# Bulldozers

This notebook uses Random Forests to predict the auction sale price for a piece of heavy equipment to create a "blue book" for bulldozers. The data is from a Kaggle competition named "Blue Book for Bulldozers". The solution relies on the Fastai library.

In [None]:
%load_ext autoreload
%autoreload 2

%matplotlib inline

In [None]:
from fastai.imports import *
from fastai.structured import *

from pandas_summary import DataFrameSummary
from sklearn.ensemble import RandomForestRegressor, RandomForestClassifier
from IPython.display import display

from sklearn import metrics

In [None]:
PATH = "data/bulldozers/"

In [None]:
df_raw = pd.read_csv(f'{PATH}Train.csv', low_memory=False, 
                     parse_dates=["saledate"])
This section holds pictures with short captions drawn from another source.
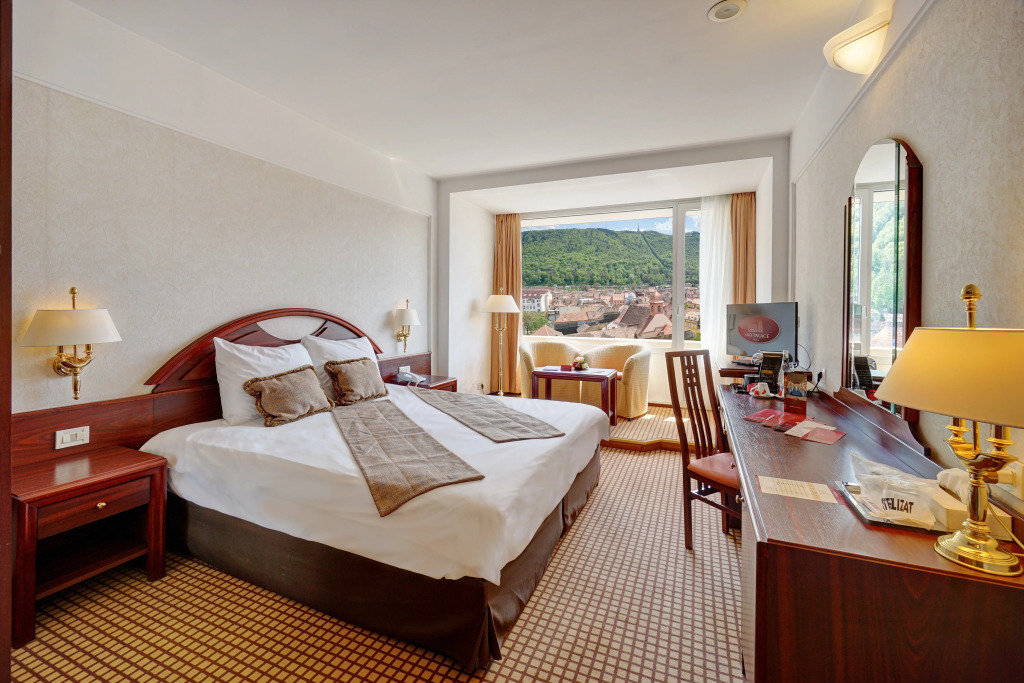 Hotel Aro Palace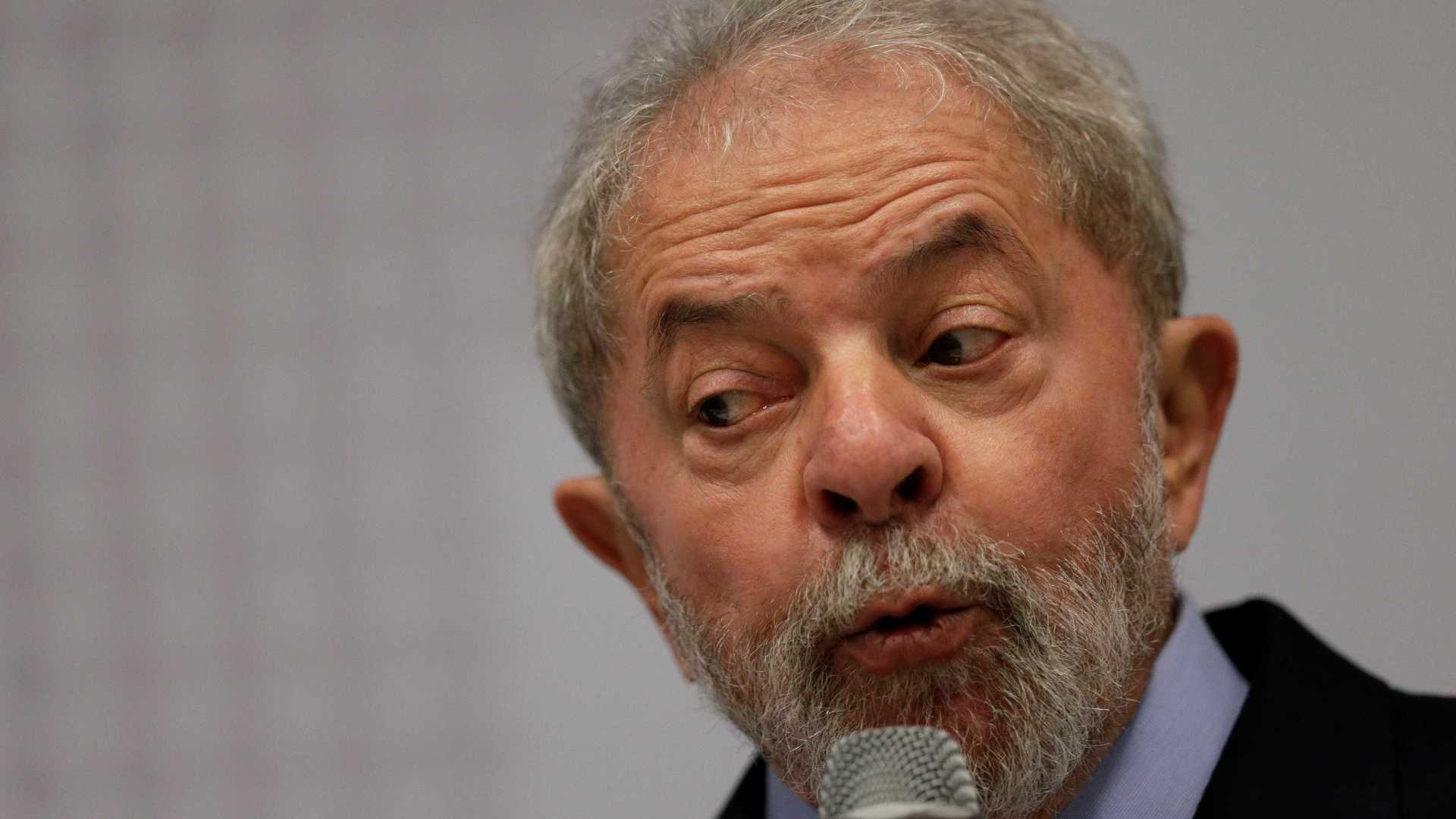 Apoiadores de Lula desmontam acampamento em Curitiba; vigília continua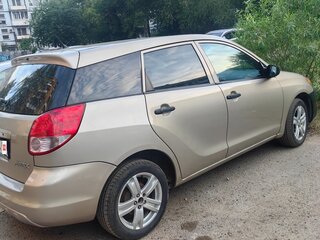 2003 Toyota Matrix I (E130), золотистый, 750000 рублей, вид 3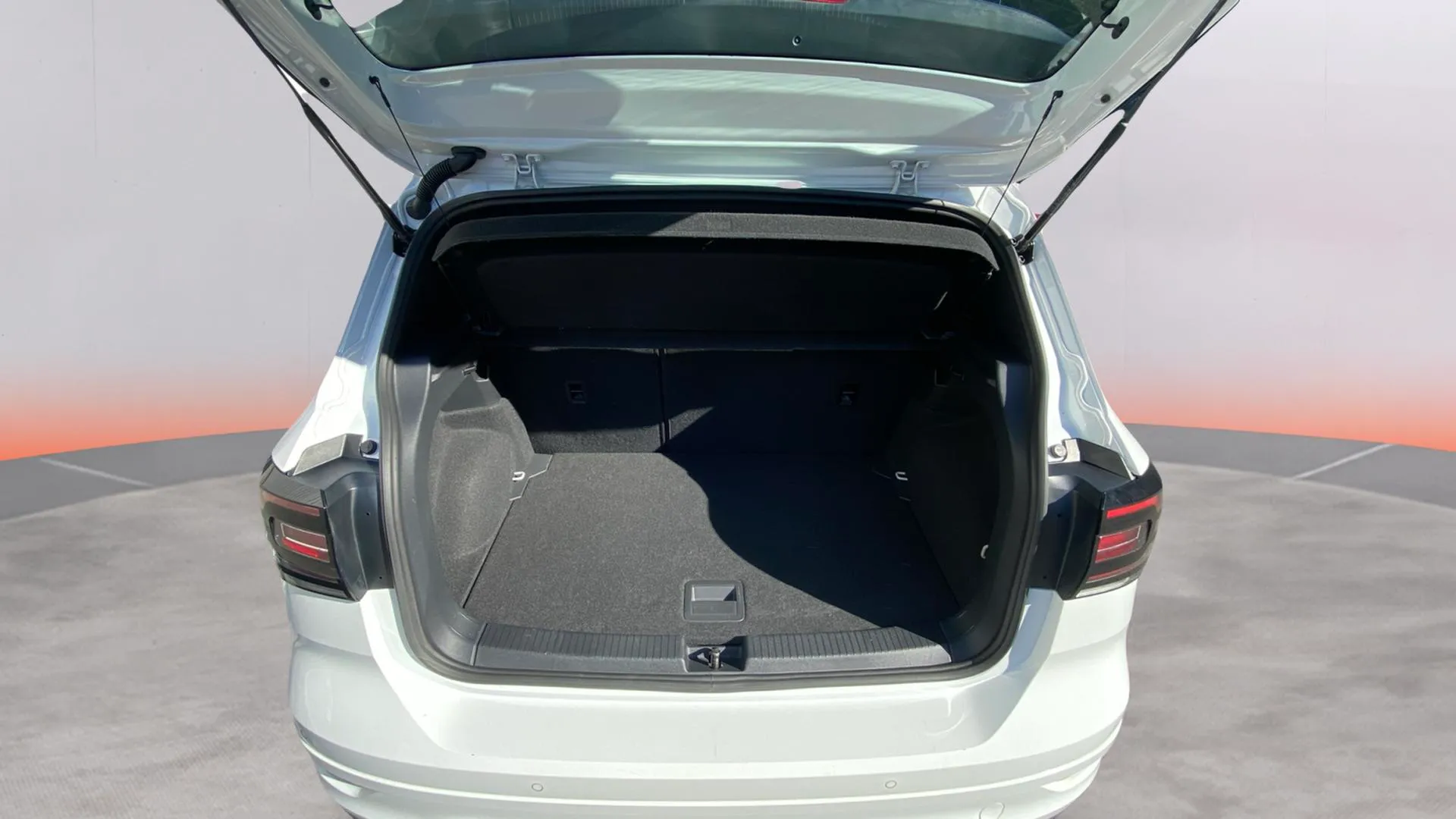 Volkswagen T-Cross Sport 1.0 TSI - foto 9
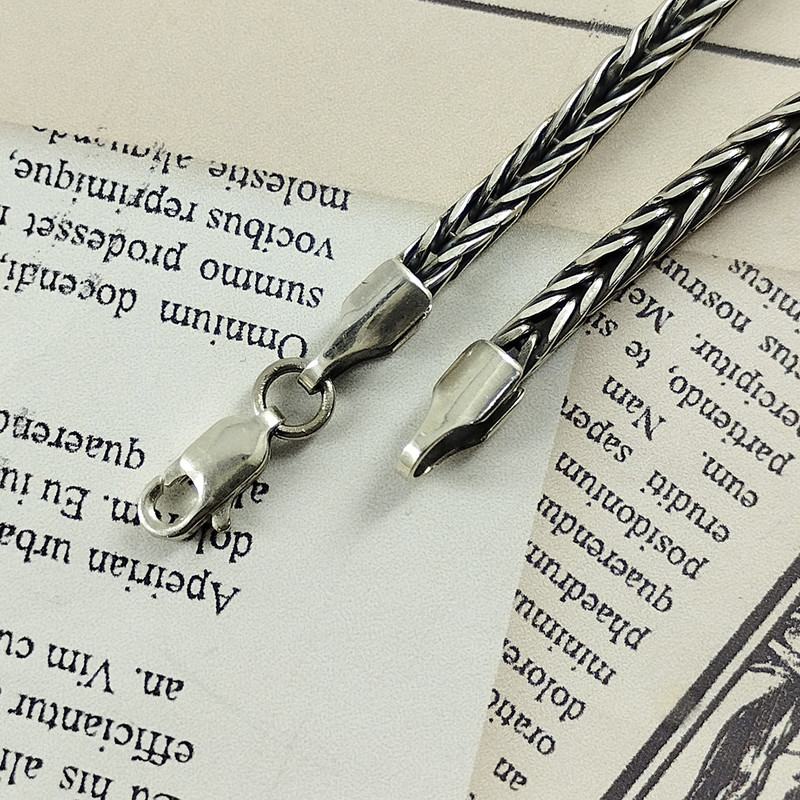 دستبند نقره سلین کالا مدل سیاه قلم تابیده کد 52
The above statement uses Python 3.6 formatted string literals. Formatted string literals are prefixed with 'f'. They contain replacement fields surrounded by curly braces. The replacement fields are expressions, which are evaluated at run time

In [None]:
def display_all(df):
    with pd.option_context("display.max_rows", 1000): 
        with pd.option_context("display.max_columns", 1000): 
            display(df)

In [None]:
display_all(df_raw.tail().transpose())

### Preprocessing

The model will be scored on the RMSLE (root mean squared log error) between the actual and predicted auction prices. Therefore we take the log of the prices, so that RMSE will give us what we need.

In [None]:
df_raw.SalePrice = np.log(df_raw.SalePrice)

add_datepart is a fastai function that splits the date into a number of useful attributes

In [None]:
add_datepart(df_raw, 'saledate')
df_raw.saleYear.head()

In [None]:
train_cats(df_raw)

Reorder the category so that the ordering makes sense

In [None]:
df_raw.UsageBand.cat.set_categories(['High', 'Medium', 'Low'], ordered=True, inplace=True)

In [None]:
df_raw.UsageBand = df_raw.UsageBand.cat.codes

Treating missing values

In [None]:
display_all(df_raw.isnull().sum().sort_index()/len(df_raw))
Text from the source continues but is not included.